→ **RECORDS PROVIDED**
--------

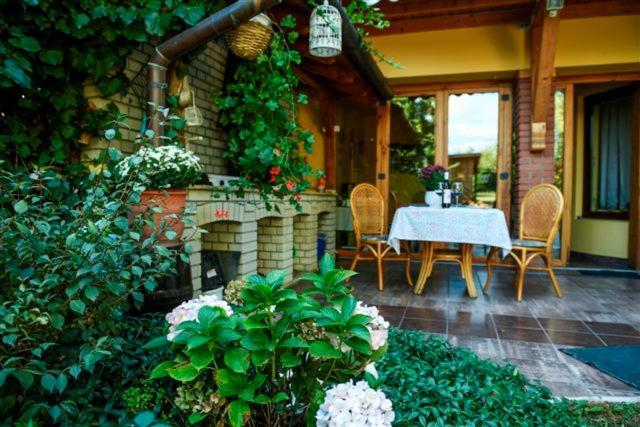 Siesta Vendeghaz Villa Eger Exteriör bild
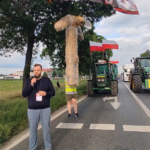 10 czerwca, blokada na skrzyżowaniu drogi krajowej 92 i obwodnicy Teresina w Topołowie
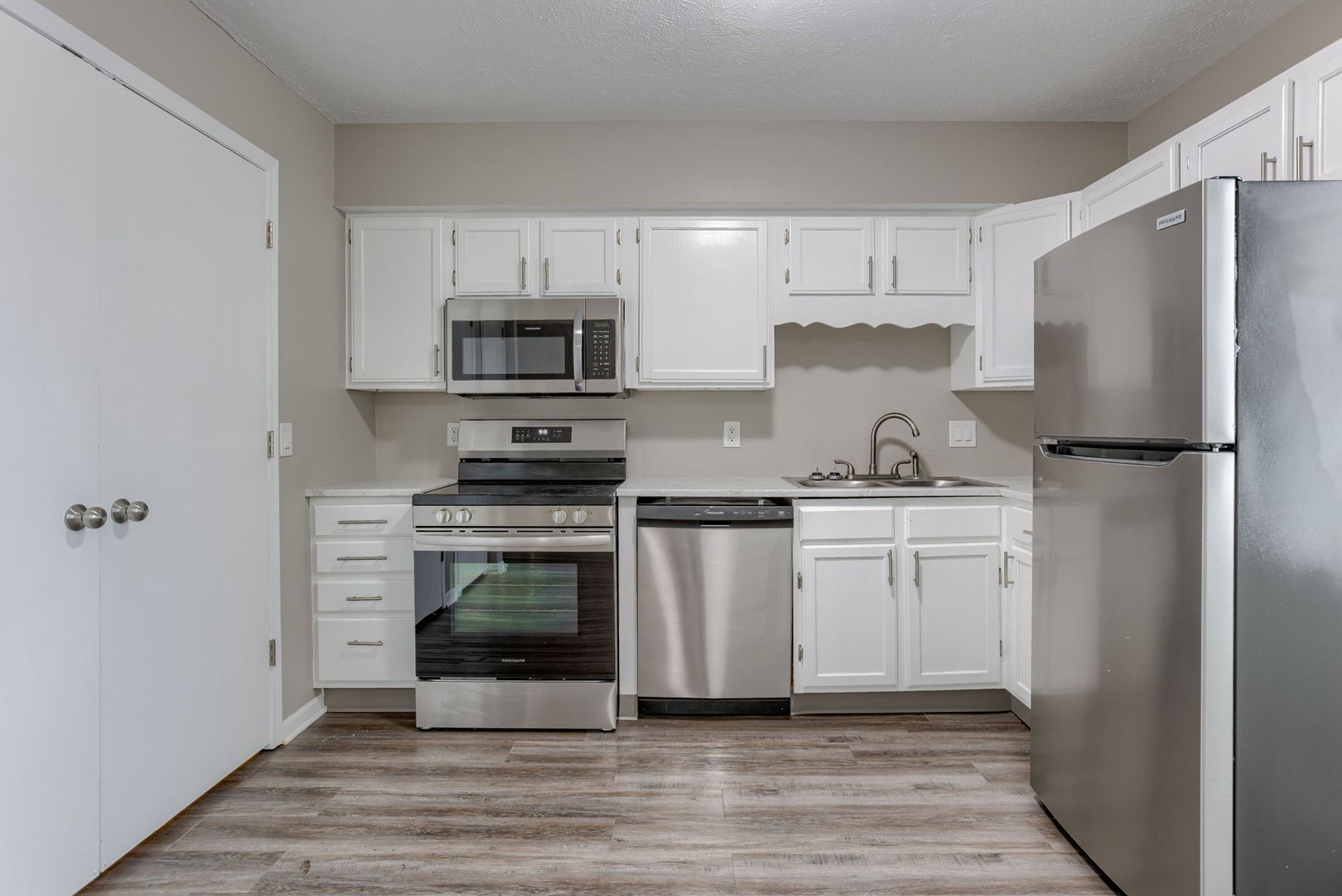 Lincoln Apartment: 2700-2730 N 1st St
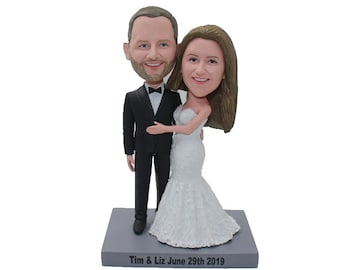 Custom cake toppers, custom wedding cake topper,  personalized Wedding topper bride and groom cake toppers bobbleheads dolls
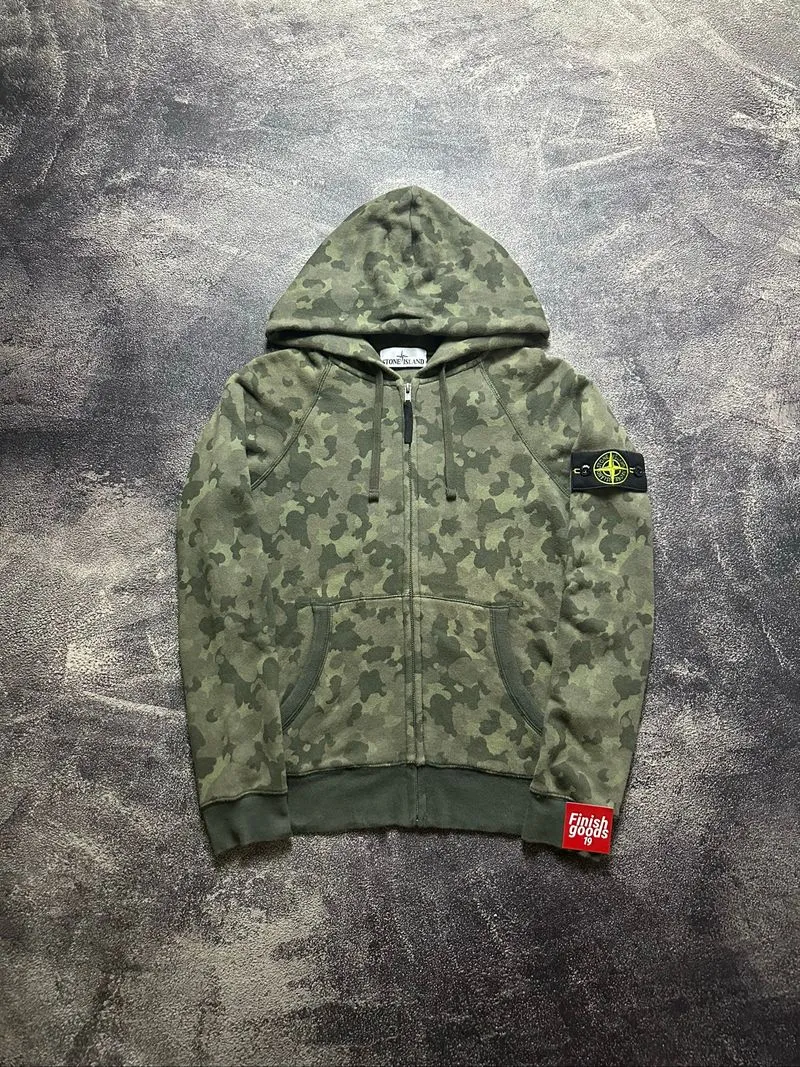 ZIPHOODIE STONE ISLAND photo 1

--------

→ **WHAT THIS TASK INVOLVES**
The material above is to be repeated word for word, with no images kept.

→ **REPLY TO THE TASK**
 Siesta Vendeghaz Villa Eger Exteriör bild
 10 czerwca, blokada na skrzyżowaniu drogi krajowej 92 i obwodnicy Teresina w Topołowie
 Lincoln Apartment: 2700-2730 N 1st St
 Custom cake toppers, custom wedding cake topper,  personalized Wedding topper bride and groom cake toppers bobbleheads dolls
 ZIPHOODIE STONE ISLAND photo 1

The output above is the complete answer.